Many farmers worry that the Green Team’s vision of “helping” agriculture includes burdensome regulations and sky-high gas and energy prices. As we confront the global recession and food crisis, farmers and consumers alike will need policies that boost productivity rather than depress it.
Vilsack and Salazar will make sure that when the Obama cabinet meets, farmers will have a place at the table. It remains to be seen how potential disagreements with the Green Team are settled, but for the time being farmers can take comfort in knowing that their voices at least will be heard. (In the end, all disagreements are settled by the President)

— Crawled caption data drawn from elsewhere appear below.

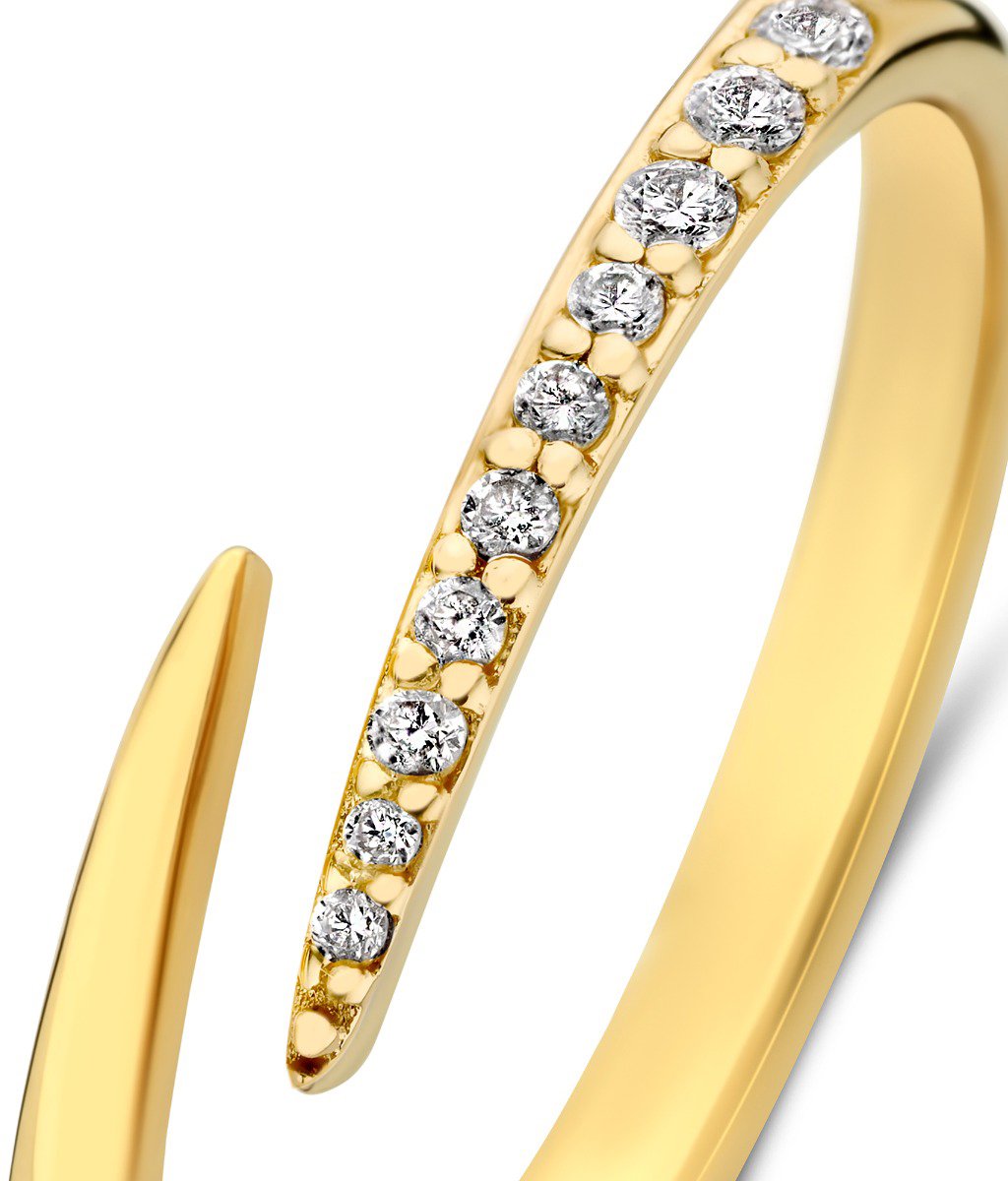 Isabel Bernard De la Paix Flavie Ring met Diamant Goud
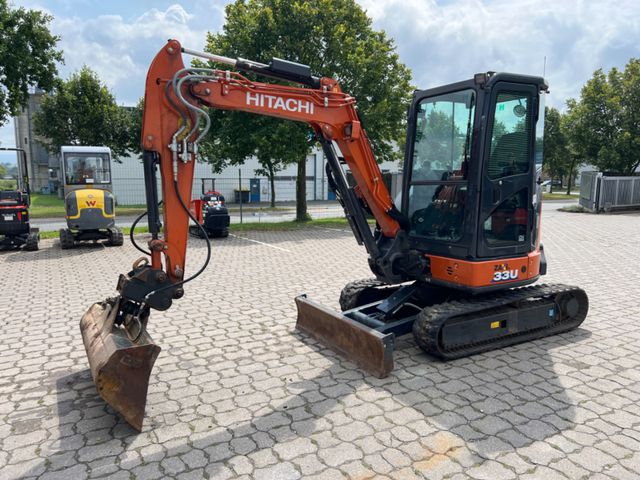 Hitachi ZX 33 U-6 CLR, Bj 22, 610 BH, Klima, MS03, GLV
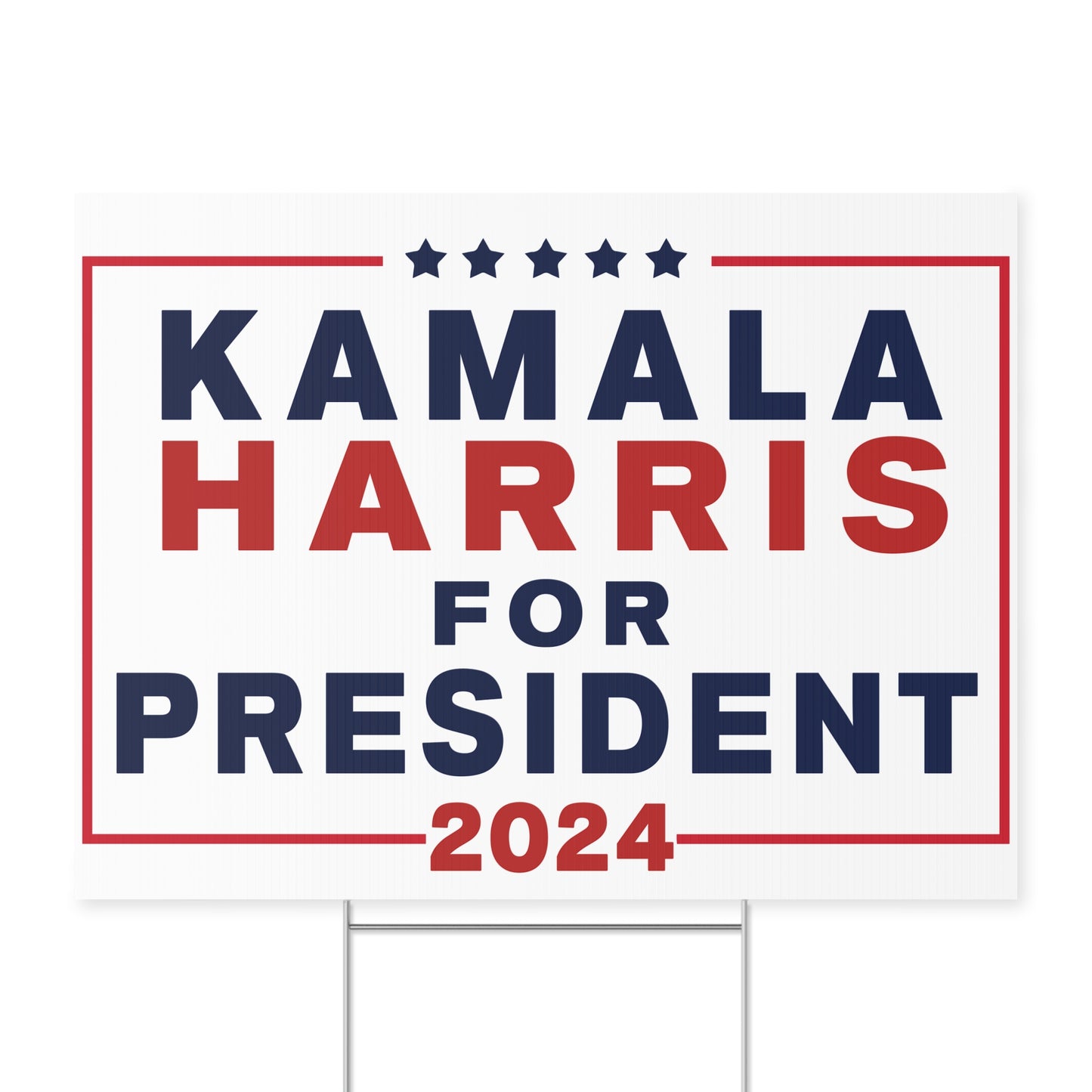Kamala Harris for President 2024 Yard Sign with Stand, Kamala Sign, Vote Kamala, Lawn Sign 18" x 24", Support Kamala Sign, President Kamala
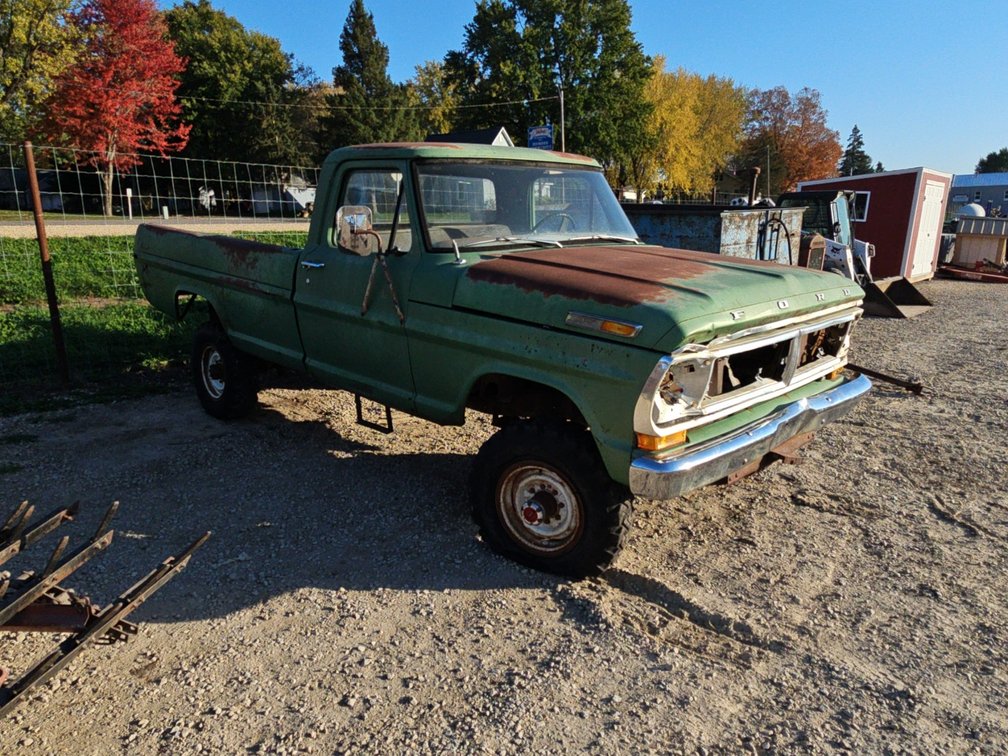 1972 FORD F250 HIGH BOY PICK-UP - NO TITLE PARTS ONLY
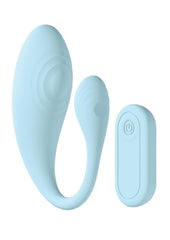 Luxury female sex toy Loveline Wave C-Shape remote control vibe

Vilsack, in particular, will play a key role. Although he’s not a farmer himself, he understands farming in all of its dimensions. He’s a strong advocate of biotechnology, from the importance of GM crops to the promise of alternative fuels. Last year, he ran a climate-change panel that recommended the gradual elimination of subsidies for certain biofuels and the lowering of tariffs on Brazilian sugar ethanol.
He’s also a supporter of free trade, which is so vital to American farmers. We depend heavily on overseas customers, and rely on political leaders in Washington to expand export opportunities through smart diplomacy. But it’s primarily up to the U.S. Trade Representative--not the Secretary of Agriculture--to make sure America’s rural economy remains plugged into the global marketplace.
Earlier this month, Obama invited Rep. Xavier Becerra of California to become the Trade Representative. For those of us who have the audacity to hope that the protectionist rhetoric of the Obama campaign would transform into the common-sense reality of the Obama administration, this was a troubling development. Becerra voted against CAFTA and opposes pending trade agreements with Colombia and South Korea. Years ago, he voted for NAFTA but he now says he erred.
This week, however, Becerra snubbed Obama’s offer. The rejection gives Obama a chance to correct the mistake of having turned to Becerra in the first place.
The president-elect must make sure his administration is committed to American exports. He’ll need a person of special talents---the number one being pro-trade--- to serve as our country’s trade ambassador in these challenging times.
The World Bank recently projected that in 2009, world trade will actually shrink, for the first time in a generation. Separately, the Copenhagen Consensus has argued that the successful conclusion of the Doha round of trade talks will deliver billions of dollars of economic benefits to the developing countries--without costing American taxpayers a penny in foreign aid.
Our next Trade Representative must fight economic contraction rather than surrender to it. With the right kind of leadership, trade can become a tool to improve our current economic lot.
Now it’s up to Obama to make an appointment that rivals the soundness he displayed in picking Vilsack.